§ **Exercise brief**
Images excepted, the data below must be repeated exactly.

§ **Collected material**
=====

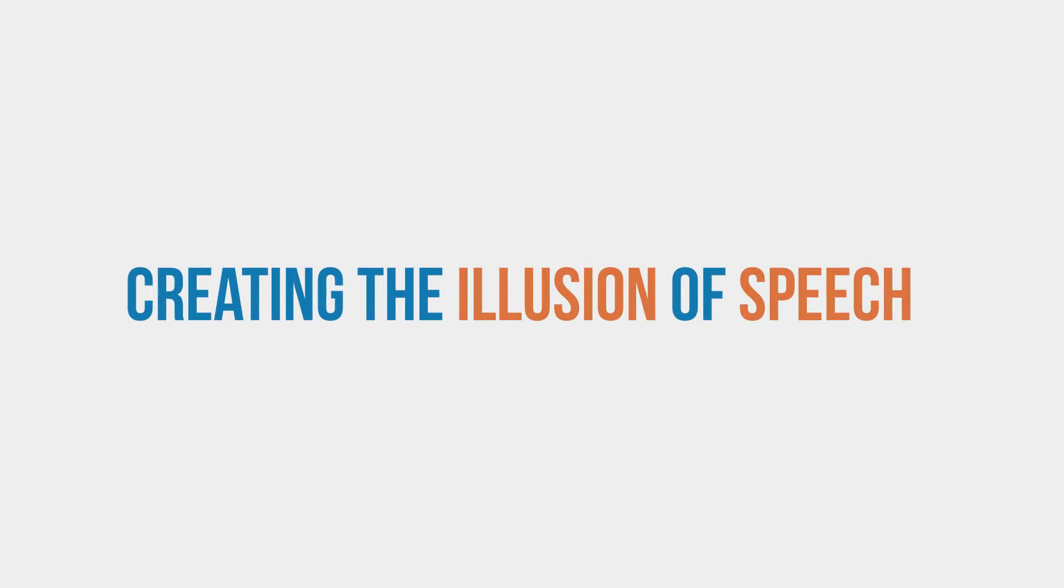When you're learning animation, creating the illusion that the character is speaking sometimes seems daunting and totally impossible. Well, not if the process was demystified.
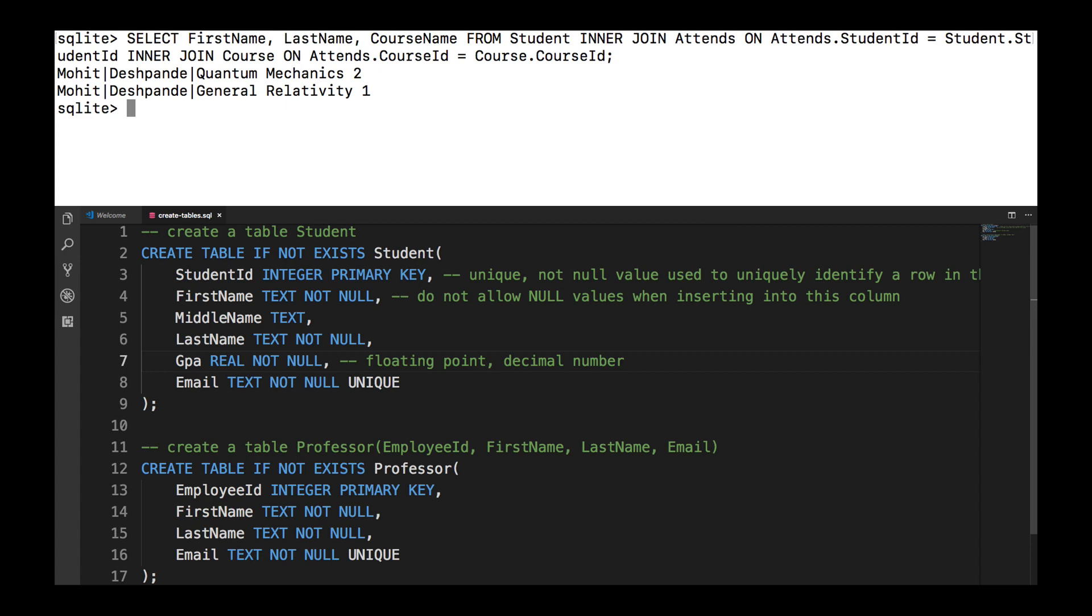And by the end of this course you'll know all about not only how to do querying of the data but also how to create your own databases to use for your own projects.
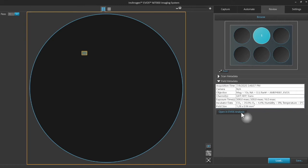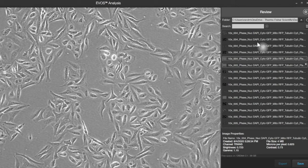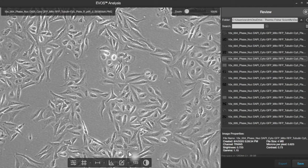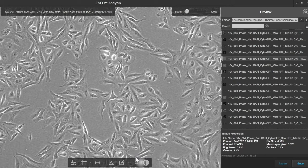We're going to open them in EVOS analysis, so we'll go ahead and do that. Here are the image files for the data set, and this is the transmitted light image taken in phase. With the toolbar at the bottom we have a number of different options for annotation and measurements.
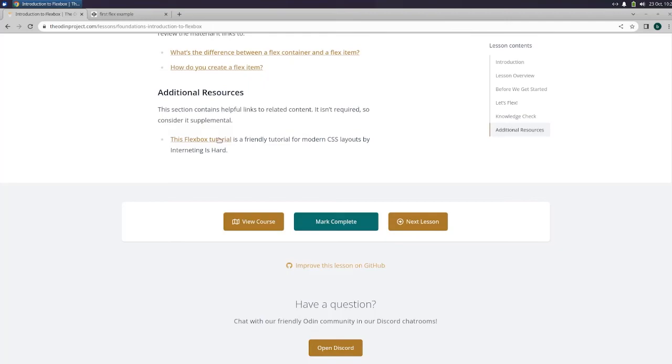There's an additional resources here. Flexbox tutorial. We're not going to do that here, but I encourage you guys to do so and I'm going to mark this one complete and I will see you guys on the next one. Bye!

=====

§ **Answer box**
When you're learning animation, creating the illusion that the character is speaking sometimes seems daunting and totally impossible. Well, not if the process was demystified.
And by the end of this course you'll know all about not only how to do querying of the data but also how to create your own databases to use for your own projects.
We're going to open them in EVOS analysis, so we'll go ahead and do that. Here are the image files for the data set, and this is the transmitted light image taken in phase. With the toolbar at the bottom we have a number of different options for annotation and measurements.
There's an additional resources here. Flexbox tutorial. We're not going to do that here, but I encourage you guys to do so and I'm going to mark this one complete and I will see you guys on the next one. Bye!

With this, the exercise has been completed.